Although the two partners to the Treaty of Waitangi are supposed to act in good faith, there's not much of it coming from the Government side in the current dispute about asset sales and Maori water rights.
The bad faith starts with why an urgent investigation by the Waitangi Tribunal was needed in the first place.As the tribunal's latest report makes clear, the Government has long known about Maori claims regarding water resources, admitting in its closing submission that they "have remained unresolved at a national level for many years".
So why did it decide to charge ahead with an unpopular plan to privatise the very energy assets that could play a key role in any future settlement of those claims?
A cynic might wonder if the prospect of Maori pushback wasn't carefully weighed against the equally likely prospect of anti-Maori backlash from opponents of the Treaty settlement process. Colour me cynical on that one.
In its report, the tribunal bends over backward to argue that this claim was not "opportunistic" and that commercial considerations were not the claimants' primary motive.
Some of the heartbreaking stories of decades-long struggles by Maori simply to protect swamps and lakes and rivers from degradation speak strongly to those points.
Which isn't to say there's not a commercial dimension. Who wouldn't want a return on resources, or at least some redress, for the years of commercial use that have ticked by while the claims have piled up?
As the Reverend Maanu Wihapi of the local Te Arawa told the tribunal: "We accept, nobody owns the water until the Crown said it was going to give 49 per cent of it away, the right to use and access the water. Then Te Arawa starts to wake up.

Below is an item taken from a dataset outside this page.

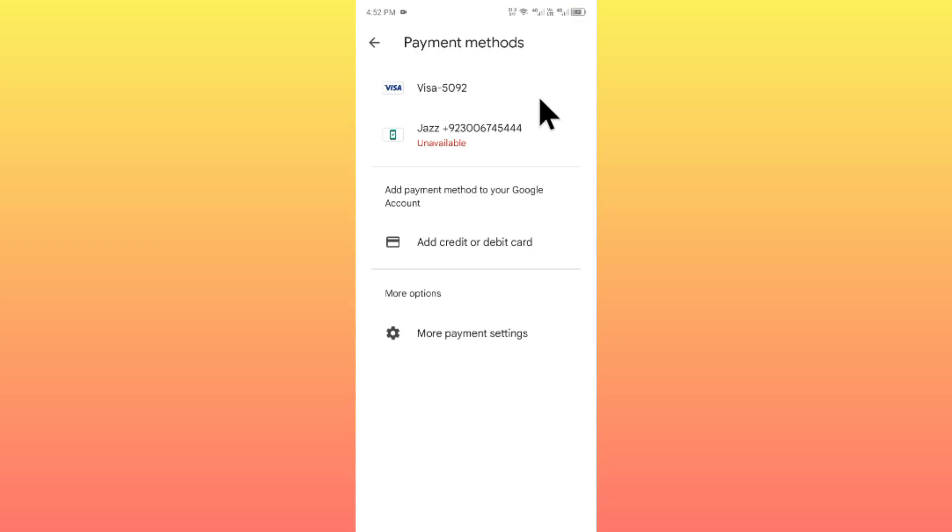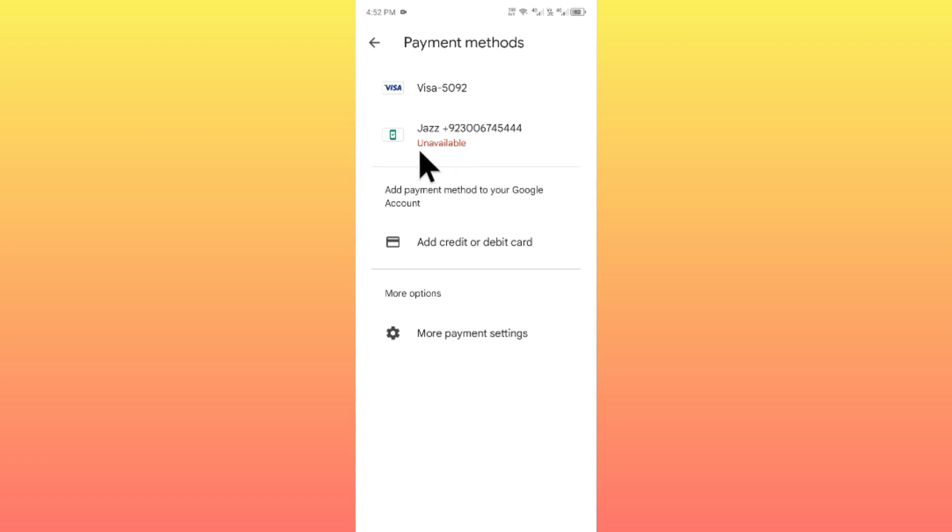Hello guys, welcome back to my YouTube channel. In this video, I'm going to show you how to fix Play Store payment method unavailable. When you want to purchase anything from your Google Play or Play Store and facing this type of issue that your payment method is unavailable, I'll help you how to fix this problem.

"In the end, the report makes clear that the Government is telling Maori to "trust us".Trust us that if, down the road, it turns out you do have some rights over the rivers, our having sold off the hydro companies won't have any effect on our ability to provide you with redress.
That's both unconvincing and not very logical, as a lawyer for the Maori Council pointed out: "The Crown is reassuring Maori and the tribunal that the sale will not affect its ability to recognise rights, the nature and extent of which are unknown to it, and to provide remedies, the full nature and extent of which are also unknown to it; a logical impossibility."
What happened to a group of Bay of Plenty Maori in the 1990s is a lesson in this regard.In the face of plans to privatise two hydro dams, the Te Ika Whenua group took a claim to the Waitangi Tribunal, which found in their favour.
But they couldn't stop the privatisation, leaving them with no available remedy connected to their own rivers.
The first state-owned enterprise scheduled to go on the block this time is Mighty River Power, which owns 20 per cent of New Zealand's hydro generation capacity.Just this week, we learned that the company provided its owners, the people of New Zealand, with a nice return of $120 million, despite its having spent nearly $4 million readying itself for partial sale.
Prime Minister John Key has said the Government will decide this week on whether to proceed with the share sales in the face of the Waitangi Tribunal's recommendation that it hold off until some protections for Maori claimants are put in place.
If it does go ahead, there's likely to be a court challenge which, among other things, will cost a lot of money and do nothing for race relations.For anyone inclined to lay all of this at the feet of Maori, reading the Waitangi Tribunal's report should provide a sobering antidote.